AVAILABLE DATA

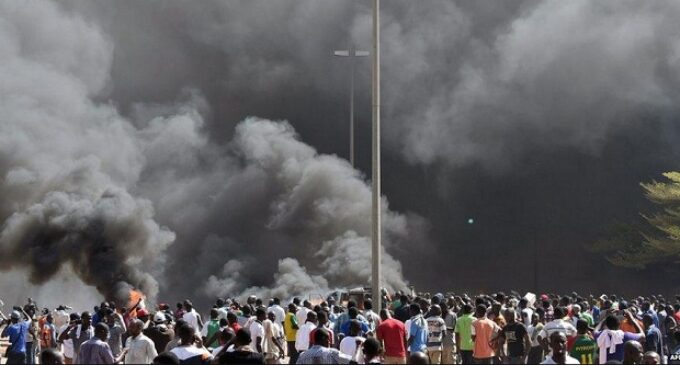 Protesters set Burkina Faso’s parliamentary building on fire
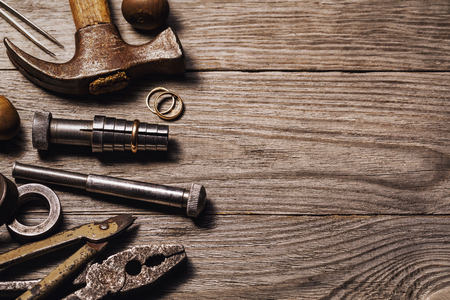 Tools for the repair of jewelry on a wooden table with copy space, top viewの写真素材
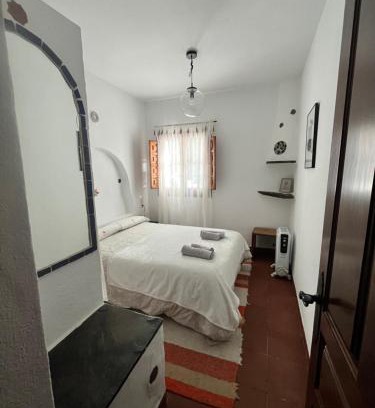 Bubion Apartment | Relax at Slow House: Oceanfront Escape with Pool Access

--

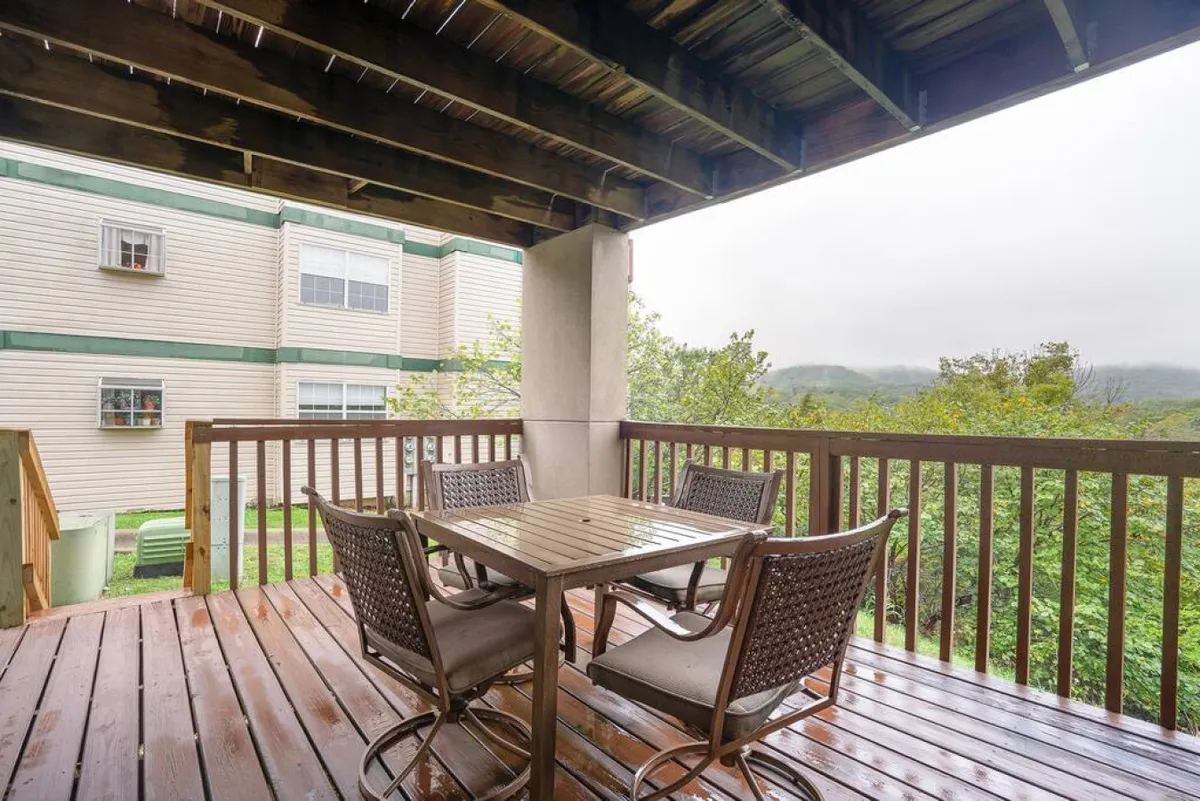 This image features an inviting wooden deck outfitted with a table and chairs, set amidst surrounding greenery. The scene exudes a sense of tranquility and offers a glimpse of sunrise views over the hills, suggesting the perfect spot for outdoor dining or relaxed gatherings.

DIRECTIONS
In the listing above, find the line containing "Protesters set Burkina" and the line containing "Bubion Apartment |"; print those lines and every line between them exactly, leaving out pictures.

RESPONSE
 Protesters set Burkina Faso’s parliamentary building on fire
 Tools for the repair of jewelry on a wooden table with copy space, top viewの写真素材
 Bubion Apartment | Relax at Slow House: Oceanfront Escape with Pool Access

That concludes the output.